This press release highlights the findings of two upcoming studies to be presented in November 2009 at the "Molecular Targets and Cancer Therapeutics" conference, which is a joint meeting in Boston of the American Association for Cancer Research, the National Cancer Institute, and the European Organization for Research and Treatment of Cancer. Evidence is growing that opiate-based painkillers such as morphine can stimulate the growth and spread of cancer cells, including breast cancer cells.
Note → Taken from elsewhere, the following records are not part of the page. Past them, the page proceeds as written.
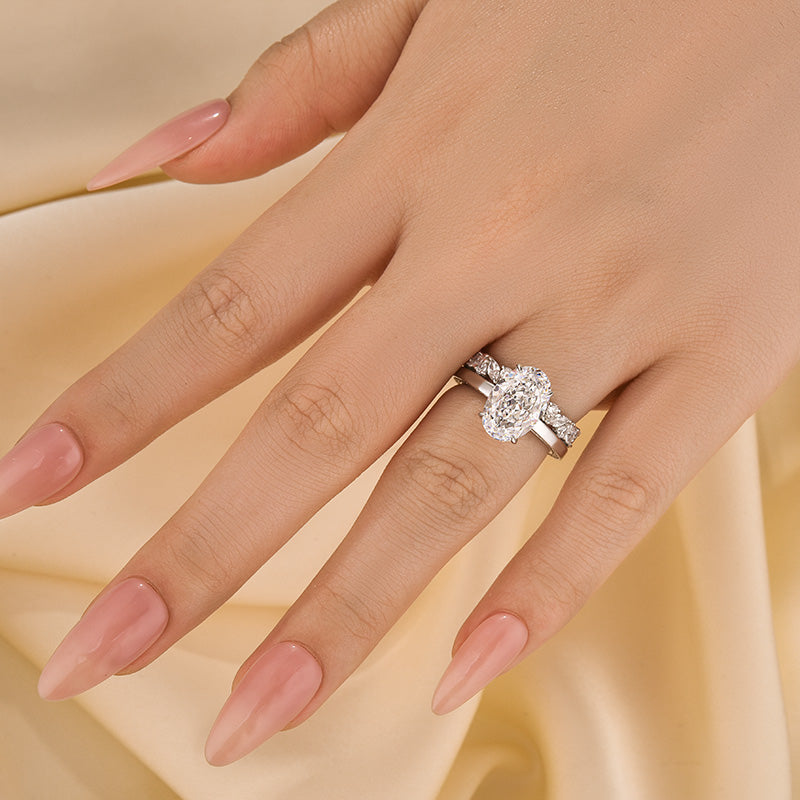 Louily Oval Cut Wedding Ring Set With Marquise Cut & Round Cut Wedding Band - louilyjewelry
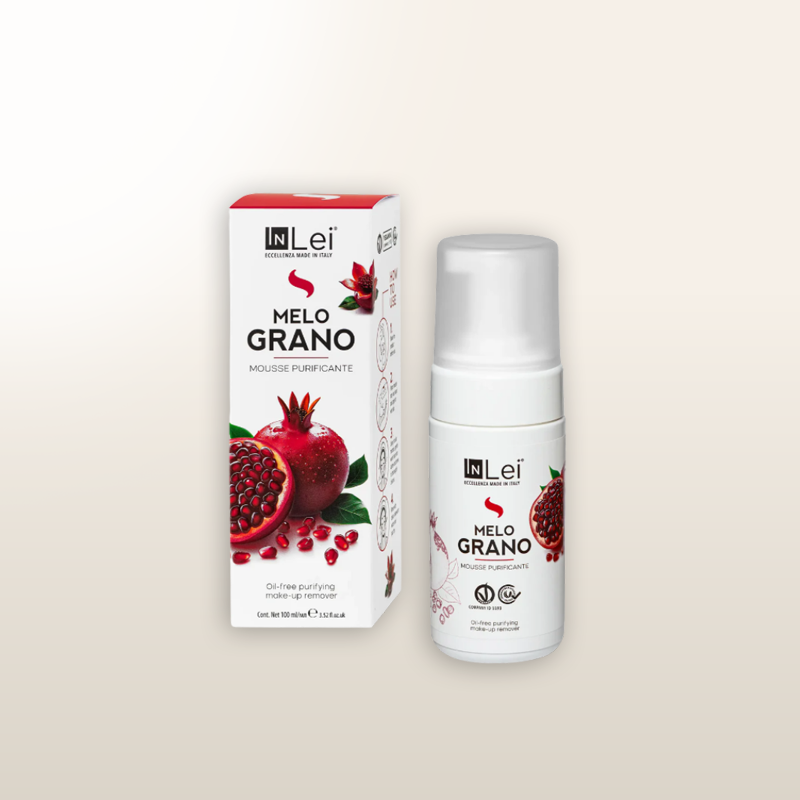 Mousse purificante INLEI® Melo Grano en envase blanco con tapa y caja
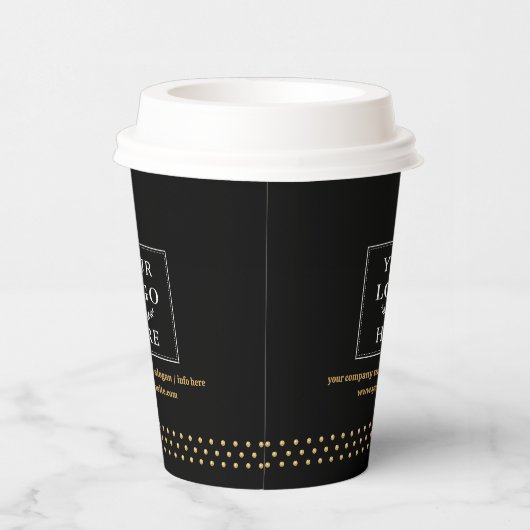 Business Logo Branded Paper Cup Black Gold Dots Papieren Bekers (Rechts)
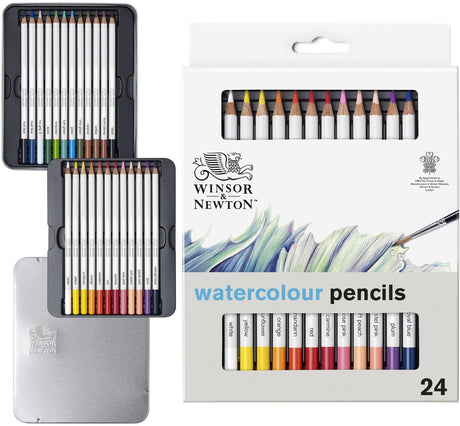 Winsor Newton 0490015 Studio Collection Akvarelblyanter Sæt 24 stykker – Dicores Akvarelblyanter i metaletui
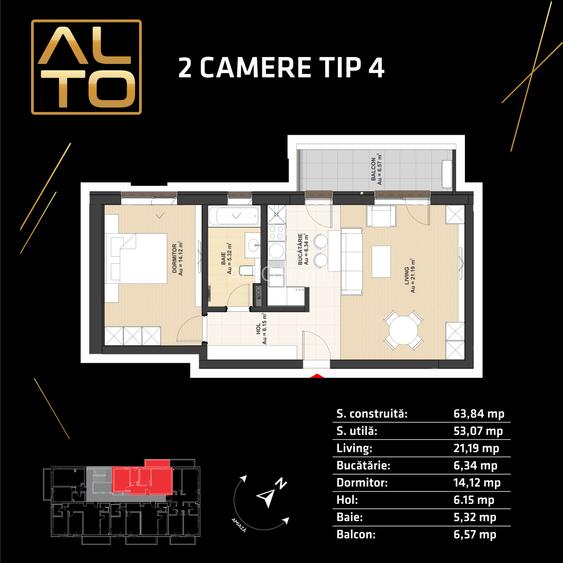 2 Camere | Fațadă ventilată | Finisaje Lux | Avans 5% | ALTO HOME - 1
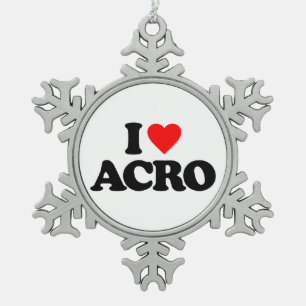I LIEBE ACRO SCHNEEFLOCKEN Zinn-Ornament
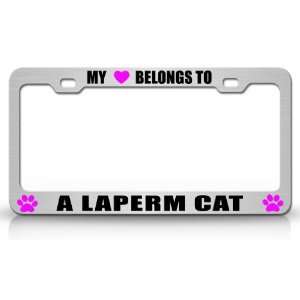 MY HEART BELONGS TO A LAPERM Cat Pet Steel Metal Auto License Plate 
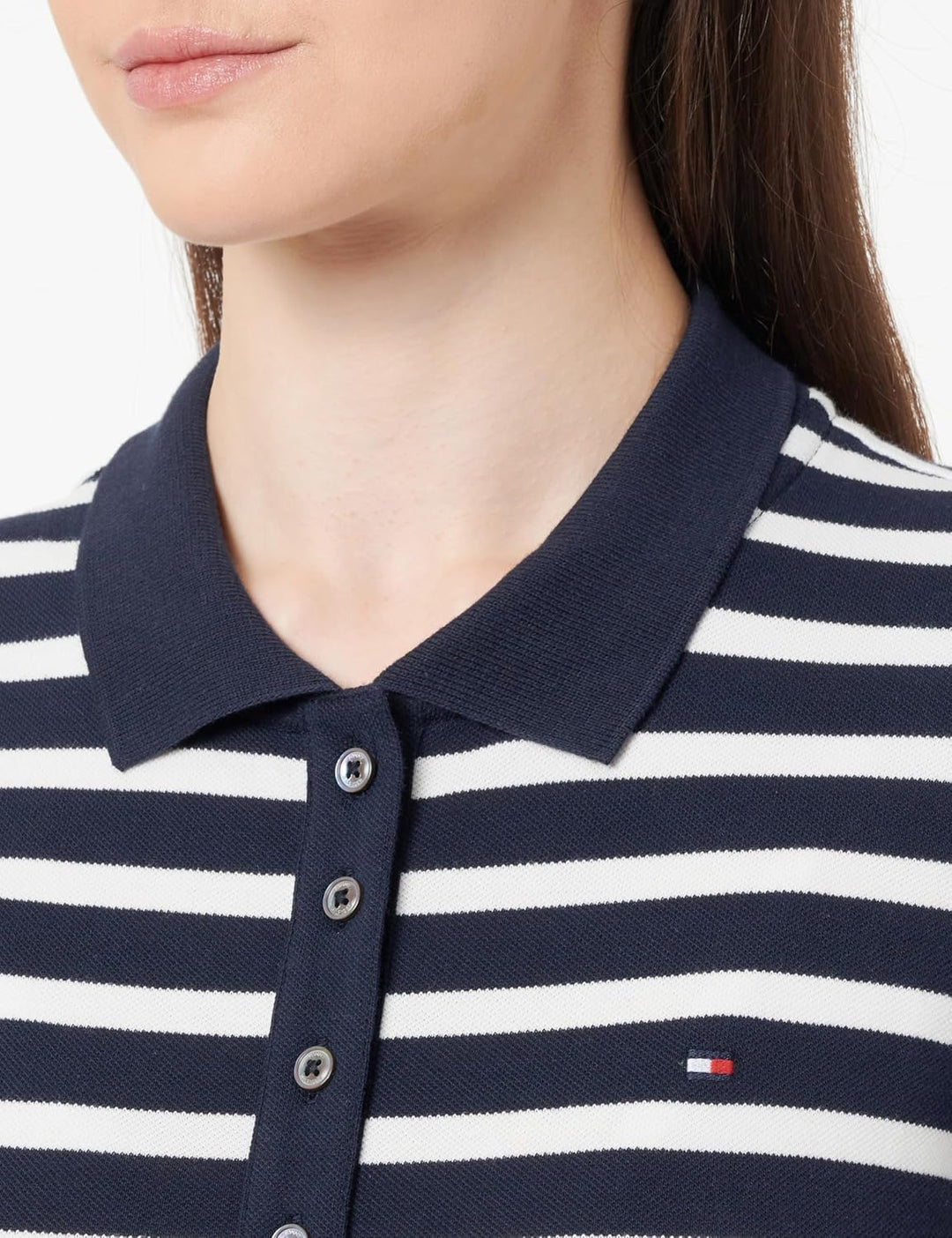 Tommy Hilfiger Damen Poloshirt Kurzarm 1985 Slim Pique Stripe Polo Ss Slim Fit M Blau (Breton Stp/ D
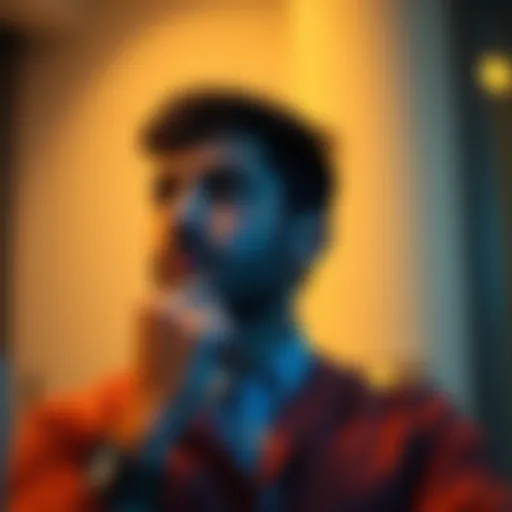 Contemplating Business Ideas A thoughtful individual contemplating business ideas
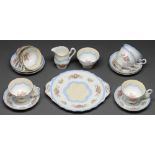 A Royal Albert Prudence pattern tea service, two handled plate 25cm over handles, printed mark (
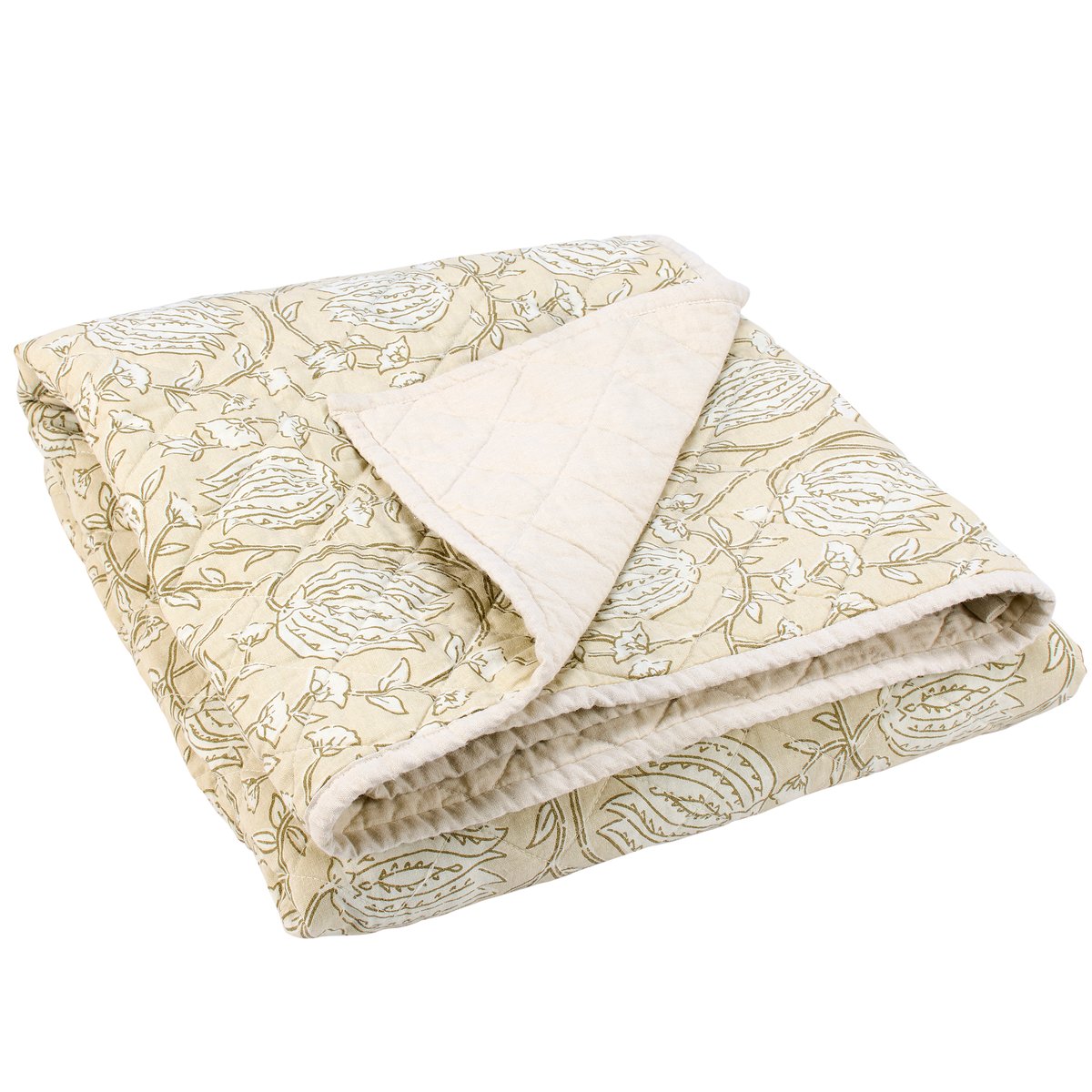 Tan Floral Throw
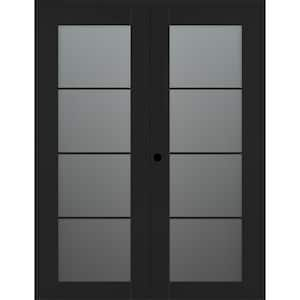 Vona 4-Lite 56 in. x 80 in. Right Active 4-Lite Frosted Glass Black Matte Wood Composite Double Prehung Interior Door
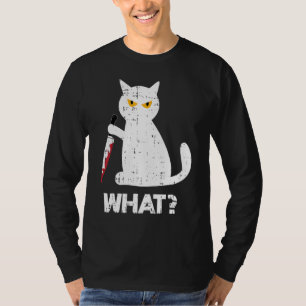 Killer Cat Bloody Knife Costume Funny Animal Hallo T-Shirt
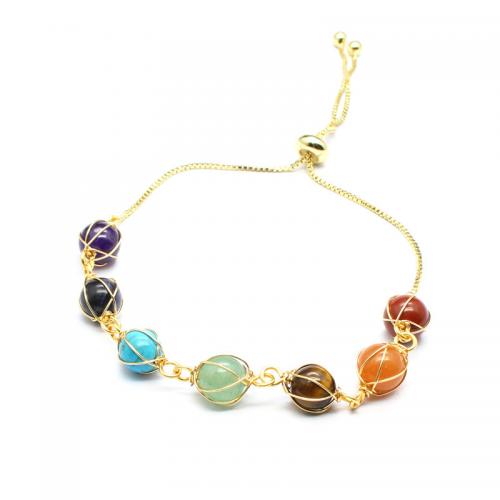Brass Bracelet & Bangle, with Gemstone, gold color plated, Adjustable & fashion jewelry & different styles for choice & for woman, more colors for choice, nickel, lead & cadmium free, Length:Approx 18 cm, Sold By PC
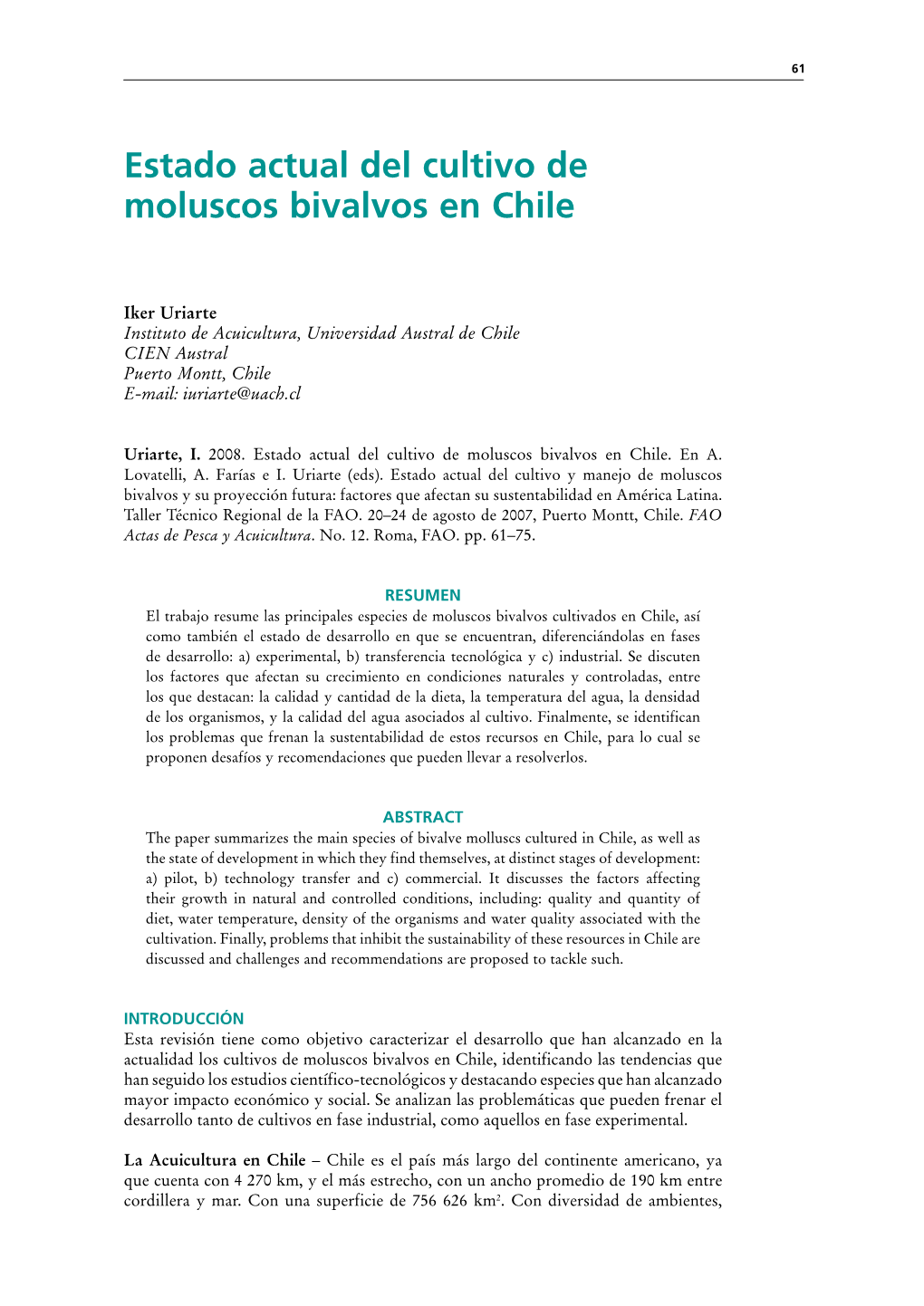 Estado Actual Del Cultivo De Moluscos Bivalvos En Chile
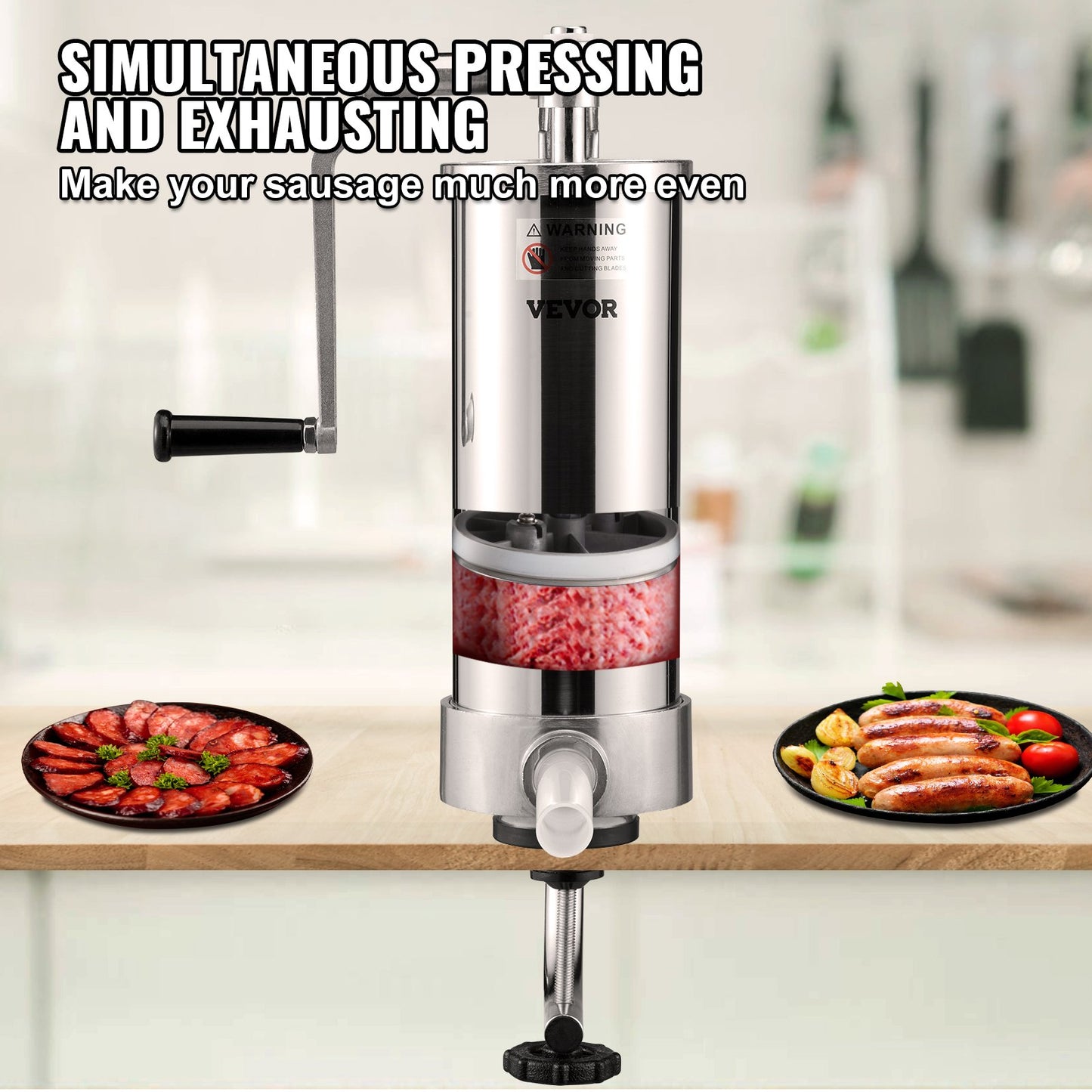Sausage Stuffer 5LBS/3L Capacity Homemade Sausage Maker Stainless Steel V952-SDLSBXGGCJ3L10KSCV0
The possibility that opiates influence cancer recurrence has slowly gained support as a result of unrelated studies in which the trend was noticed. In a 2002 palliative-care trial, patients who were administered spinal rather than systemic pain relief were found to survive longer. In another study, cancer patients receiving a selective opiate blocker as part of a compassionate-use protocol survived longer than expected. Two recent retrospective studies demonstrated that breast and prostate cancer patients who were administered local rather than general anesthesia had fewer recurrences. Morphine has been found to increase tumor cell proliferation, inhibit the immune response, and promote angiogenesis in the laboratory. "If these laboratory studies are confirmed clinically," suggests Jonathan Moss, professor of anesthesiology and critical care at the University of Chicago, "the selection of anesthetic technique used during the operative procedure and the possible use of opiate antagonists in the perioperative period may be important."